Over The Ridge
In mid-19th century, Capt Charles Kennedy rode up to the deodar-covered Shimla Ridge from the hot Ambala cantonment, liked what he saw and put down a Scottish loghouse. Others followed. And soon the High Ridge was dotted with houses named Peter Hoff, Ivanhoe, Dane’s Folly, Barnes Court, to name a few. A little Scotland was created. In 1884, the Governor-General, Lord Dufferin, built himself a stone castle. The governments of India and Punjab began to spend the long summers on the cool ridge. While ics collectors toiled in Balliah and Bankipur in the summer loos, their memsahibs fled to the hills. Lockwood Kipling, the head of the Lahore School of Art, also came by with his son, Rudyard. The grass widows passed the summer days in flirtatious romances with Lord Kitchener’s aides-de-camp. Scandal Point on the Ridge was born and Kipling’s salacious gossip lady created.
The ’40s came. Nehru rode a white horse to confabulate with Lord Wavell and Jinnah. Come August 1947 and a patchwork government of the new, mangled Punjab took over the sahib’s kothis. Pratap Singh Kairon soon drove them down to the dusty plains of Chandigarh to build Punjab’s new capital. Still, in the summers, the Punjab government pretended to work in camp offices in Shimla. The newly minted ias sahibs were allotted furnished kothis, and strolled about in ill-fitting tweed coats while the files driven up the hill in groaning Ambassadors awaited their pleasure. The evenings were spent by the burra sahibs in gossip-sipping Solan No. 1. In November 1966, all that changed: the hills became Himachal; Chandigarh now belonged to many, and everybody lived with their grievances. All this and more I have seen. I had not been to Shimla for a long time. Now I was going to.

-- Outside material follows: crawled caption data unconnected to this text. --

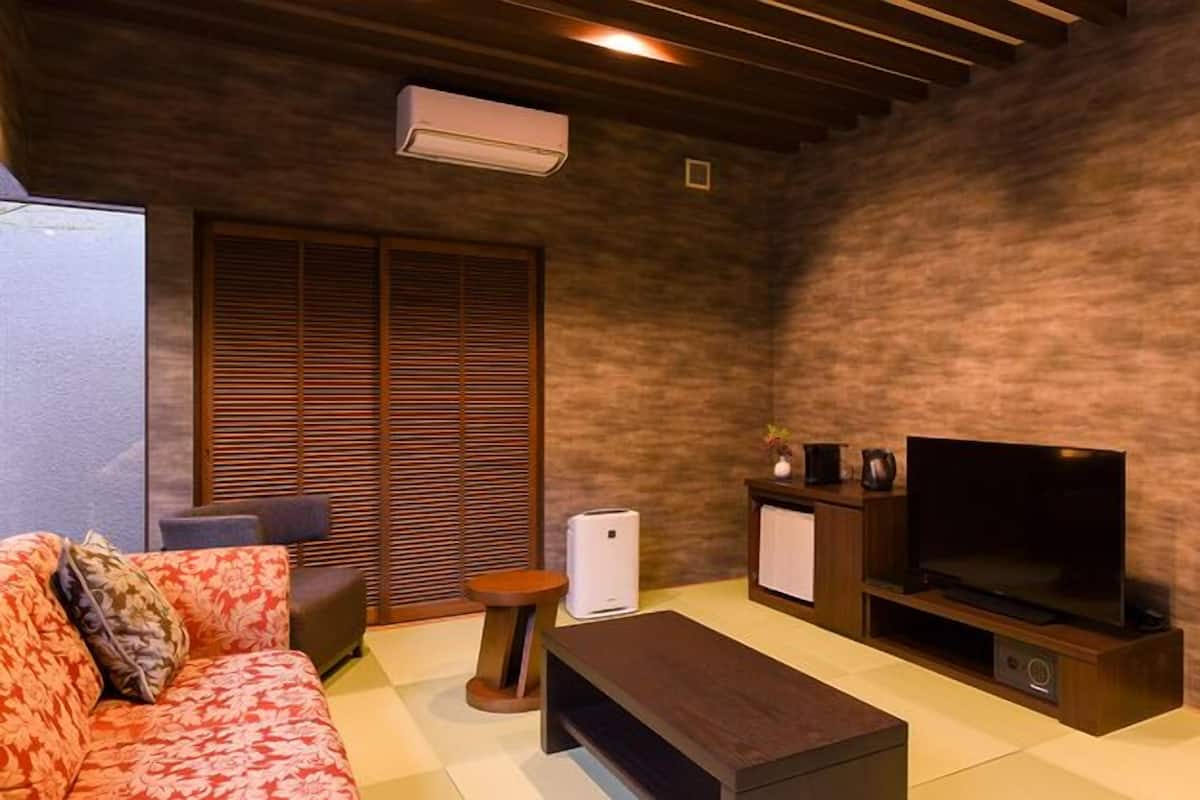 Una sala de estar con sofá, mesa de centro, televisor, refrigerador pequeño y un armario.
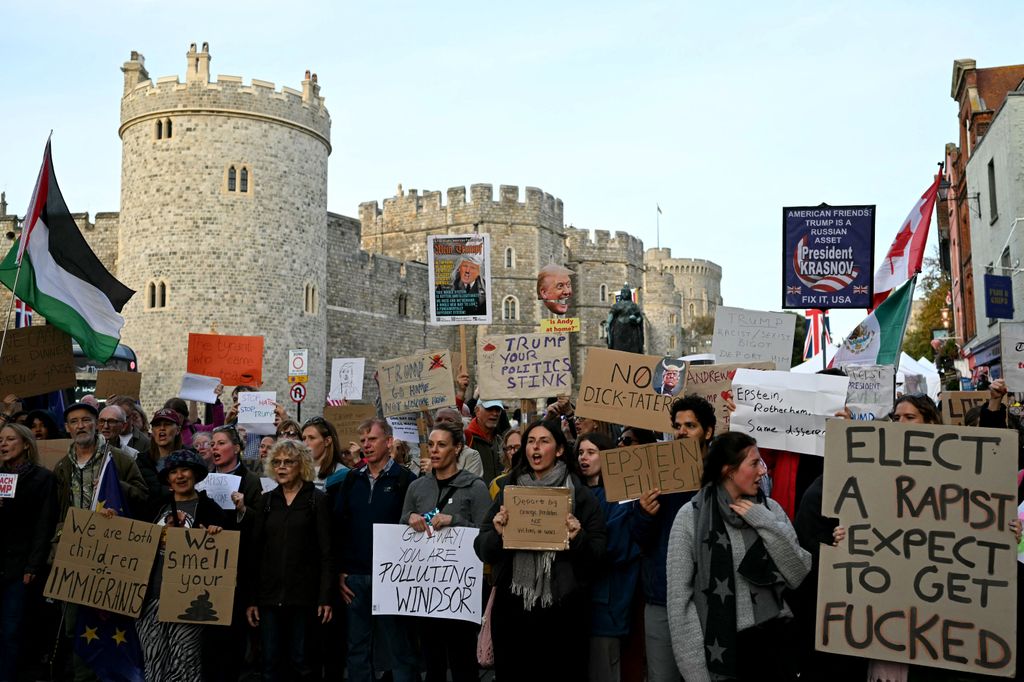 Demonstrators hold placards during a protest against the forthcoming State Visit of US President Donald Trump, outside Windsor Castle in Windsor on September 16, 2025. US President Donald Trump is set arrive in the UK late September 16, 2025 for a second State Visit with his wife Melania, made at the invitation of King Charles III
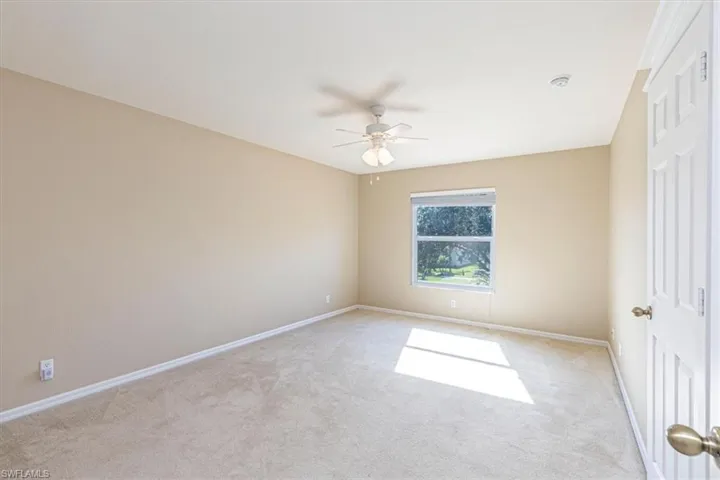 Room with light carpet & ceiling fan.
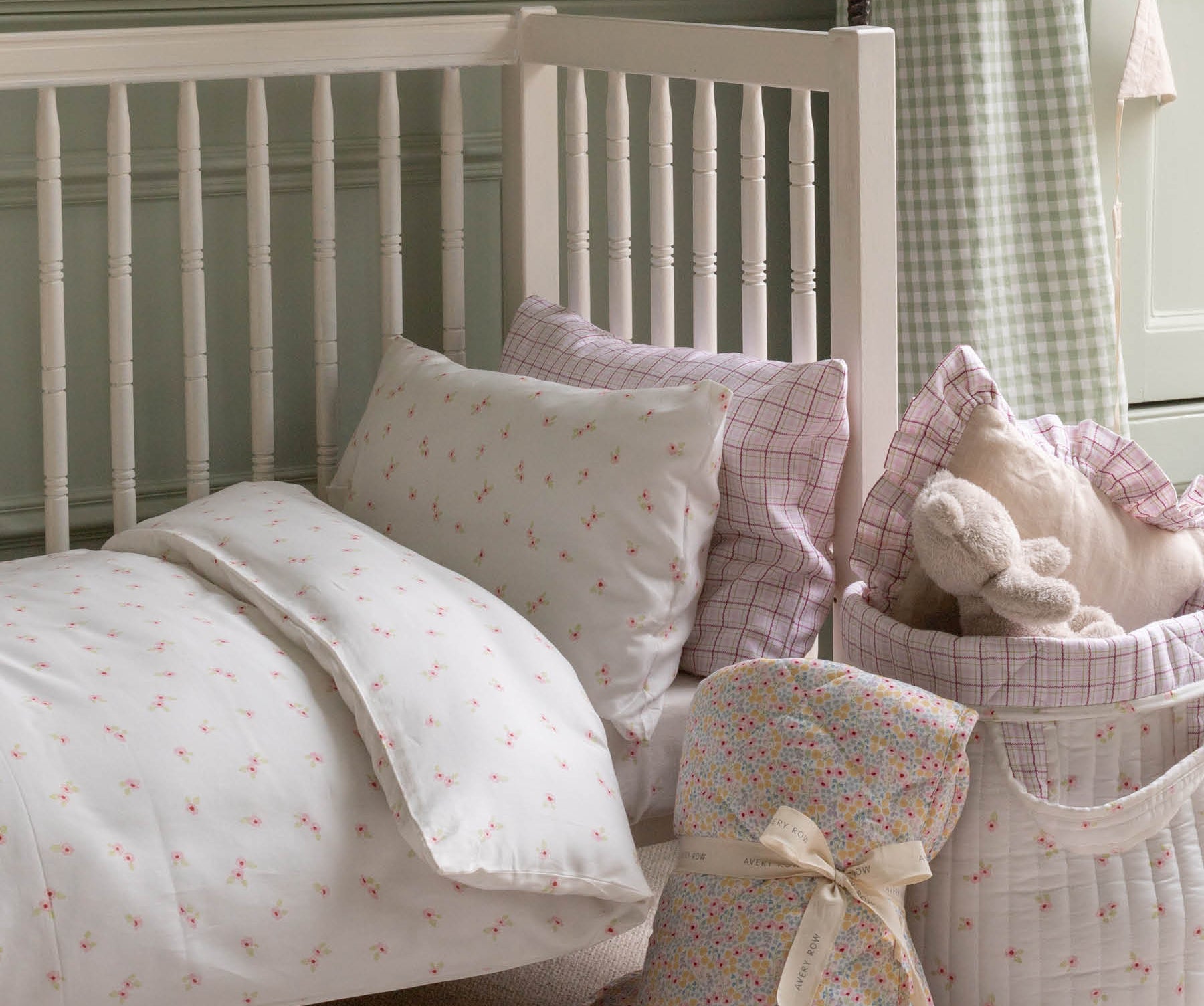 nursery bed with cosy quilt and pillows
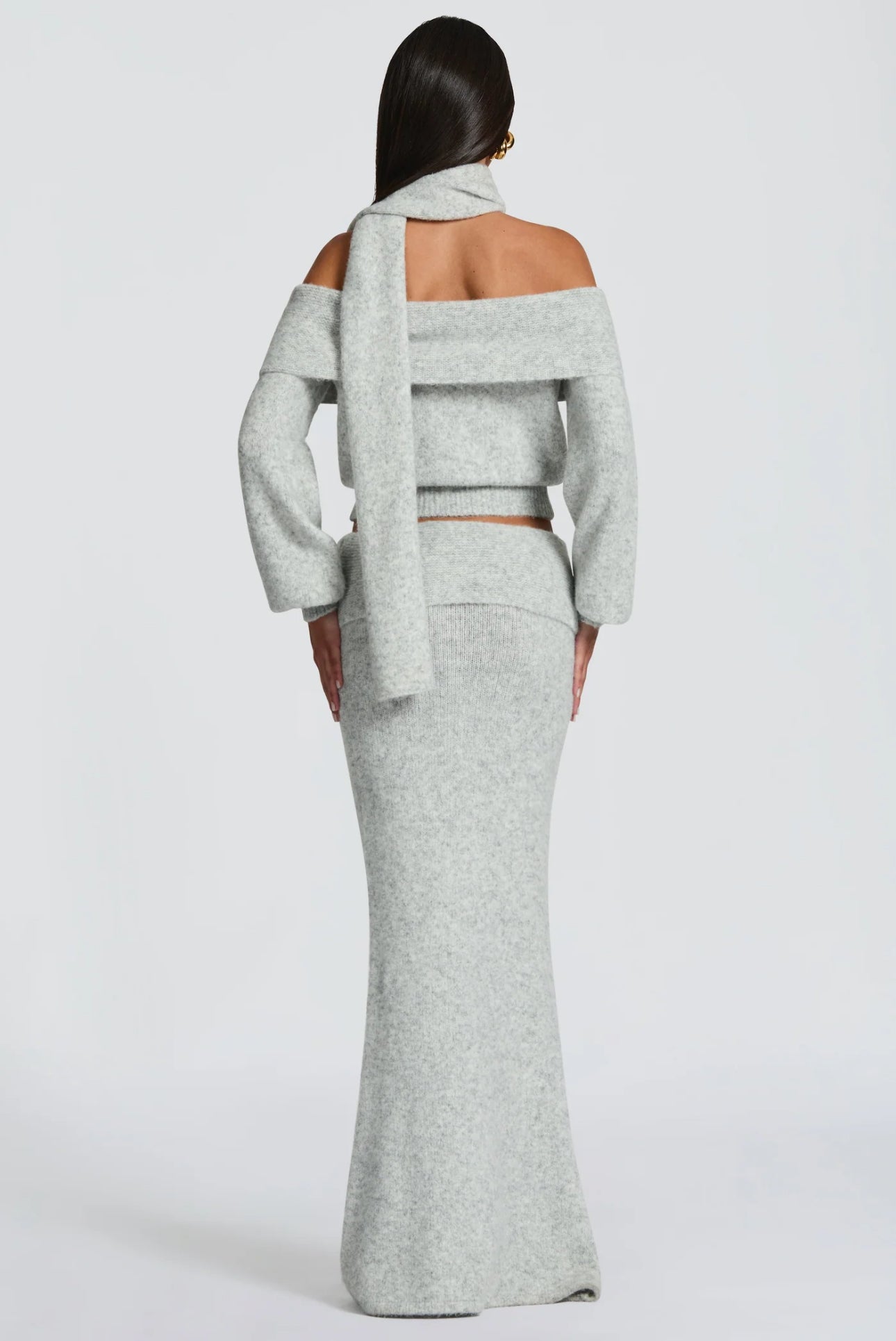 Set BIANCA composto da maglia off-shoulder e gonna lunga a sirena. Realizzato in morbida maglia calda, avvolge la silhouette con eleganza e comfort. Il design con collo ad anello e spalle scoperte aggiunge un tocco sofisticato e sensuale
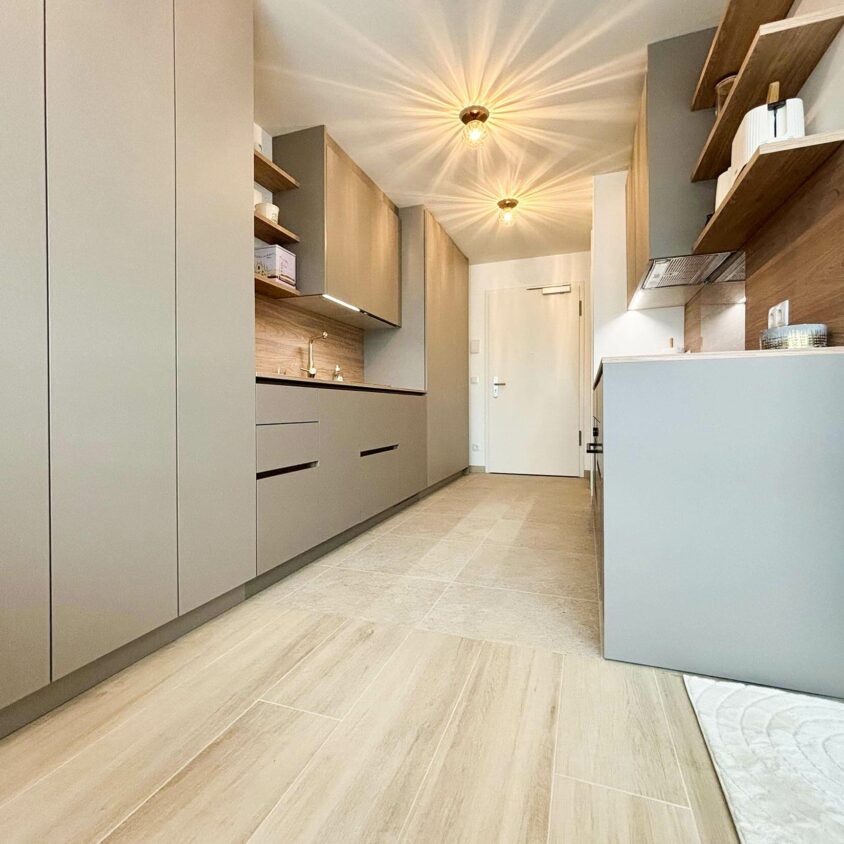 Aménagement intérieur d'un studio destiné à la location meublée avec longs meubles de rangements et cuisine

The morning was cloudy, the flight delayed. Finally, we took off in a packed turbo plane, the seats so squeezed that I had to fold away my legs and put them in the lockers above. The pilot immediately announced the pleasure of a bumpy ride. We had a big load of Tamil tourists going to the Himalayas for a first look. Excited, taking photographs. As we got near the hills, the plane began to bounce in the murky atmosphere. Belts on. Everyone turned a bit green, but we still smiled nervously. Over Chandigarh, we turned north, keeping left of the Kasauli and Kandaghat ridges. I realised that flying to the new Shimla airport in this weather was not the best idea, but I also understood that a full flight is a great commercial encouragement. Many decades ago, I had flown in a Dakota down the narrow Beas valley to the Kullu air strip on the river bank with no margin for error. The same happened here. I said to myself, whatever will be, will be. Suddenly, we were committed to a landing, went down rapidly, luckily hit the deck, rolled and came to a screeching halt, fifty yards from the wall where we might have had our nose smashed. A good landing, but just.
Stirred, Not Shaken
Decades ago, I had written of the crowded chaos of Shimla, spread in an arc, creeping down the Ridge in messy, cheek-by-jowl proximities. Independence had become licence and the British restraints to keep this sanctuary safe had vanished. Building restrictions were given the go-by and any slope was buildable now with multi-storeyed concrete horrors standing on spindly legs of iron bars, plastered over with bits of sand-cement. The stork-like legs were dug into the mud slopes that are the nature of the Himalayas, which have no rocks to give a solid foundation.
Now, in the new century, I could not believe what I saw. Sanjauli has become an even greater arc of continuous cement chaos on a steep ridge. It is bigger than Shimla. I went to Narkhanda to inaugurate a hockey turf at the high-altitude Rajiv Gandhi Sports Training Centre. The construction was continuous all up the road towards Wildflower Hall and beyond. One continuous crowded hill with vehicles, crowds, noise and anything but the lovely Kipling’s Shimla. I got peace and quiet only at the government bungalow in Narkhanda, perched at 9,000 feet. In 1904, the great Kangra earthquake took place. While Kangra was destroyed, even Shimla felt the effect. The Viceroy’s lodge had cracked walls, riveted together after the disaster. The Himalayas are earthquake-prone. It does not need great imagination to see that even a small earthquake will shake all these cement spindles down into the khud.
Bagheera Was Here
In Shimla, I stayed with Governor Urmila Singh in ‘Barnes Court’, once the Punjab governor’s house, used by Indira Gandhi to host Bhutto and his bell-bottomed young daughter Benazir, in 1972. Urmila is a charming soul from MP. I was thrilled to know that her in-laws are from Seoni—Kipling’s and Mowgli’s Seoni hills. My thoughts went to Mowgli, Bagheera and the Great Kaa. I felt serene and peaceful. Urmila promised to take me to Seoni. I live in hope.